▸ **Information supplied**:
........

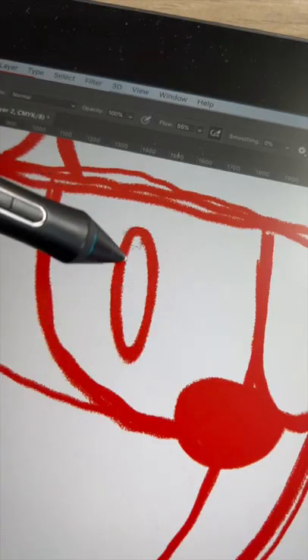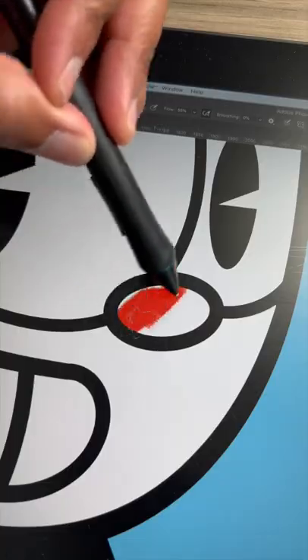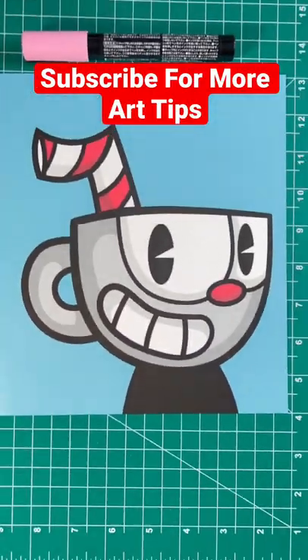First off, the program is super cheap and it only costs nine bucks. And the only item you need to get started is an iPad. And another thing I love about creating digital art is you never run out of color. The name of the program I suggest is Procreate.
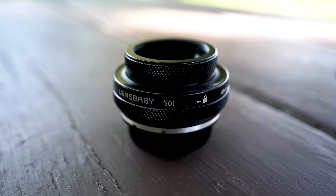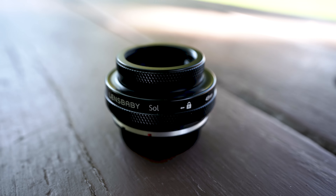So today we're talking about this lens — this is a lens I never thought I would be reviewing, but this is the Lensbaby Sol 45. And Annalise here is going to be helping me talk about it today.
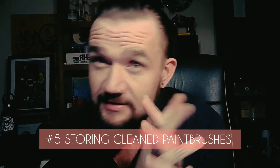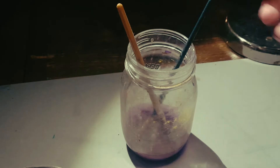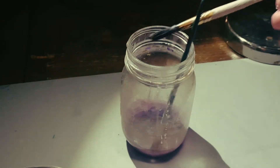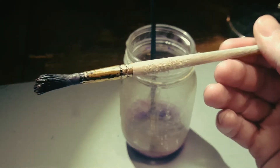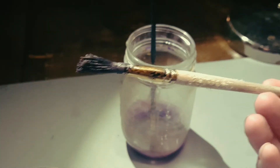Now I am guilty of this even to this day and I really do try my hardest not to. Whatever you do, do not store your paintbrushes bristles-down. It simply just ruins the whole brush and all the bristles are going to be wrecked.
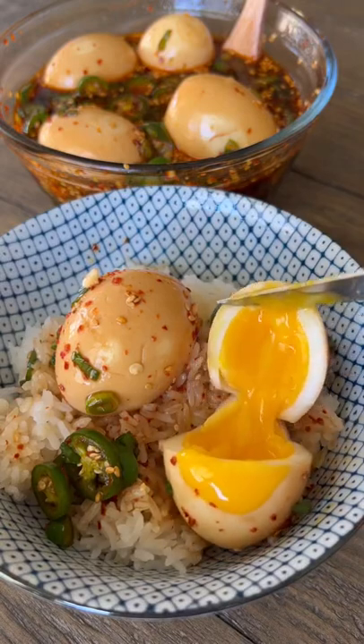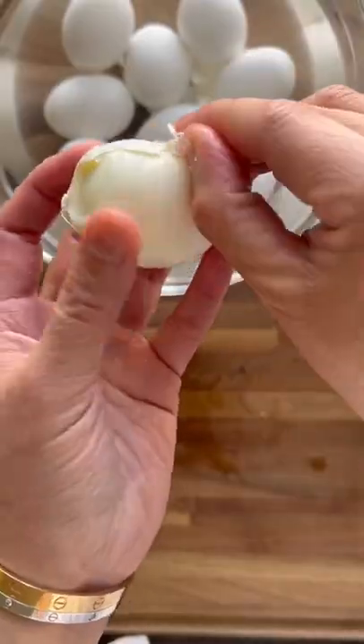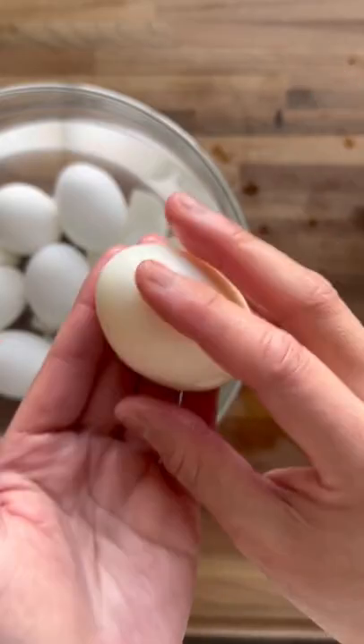This is one of my favorite easy recipes. It's Mayak eggs. Boil the eggs for about six or seven minutes so that they're soft boiled.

........

▸ **Prompt**: Go through the material above and repeat it exactly. Omit the pictures.

▸ **Written solution**:
First off, the program is super cheap and it only costs nine bucks. And the only item you need to get started is an iPad. And another thing I love about creating digital art is you never run out of color. The name of the program I suggest is Procreate.
So today we're talking about this lens — this is a lens I never thought I would be reviewing, but this is the Lensbaby Sol 45. And Annalise here is going to be helping me talk about it today.
Now I am guilty of this even to this day and I really do try my hardest not to. Whatever you do, do not store your paintbrushes bristles-down. It simply just ruins the whole brush and all the bristles are going to be wrecked.
This is one of my favorite easy recipes. It's Mayak eggs. Boil the eggs for about six or seven minutes so that they're soft boiled.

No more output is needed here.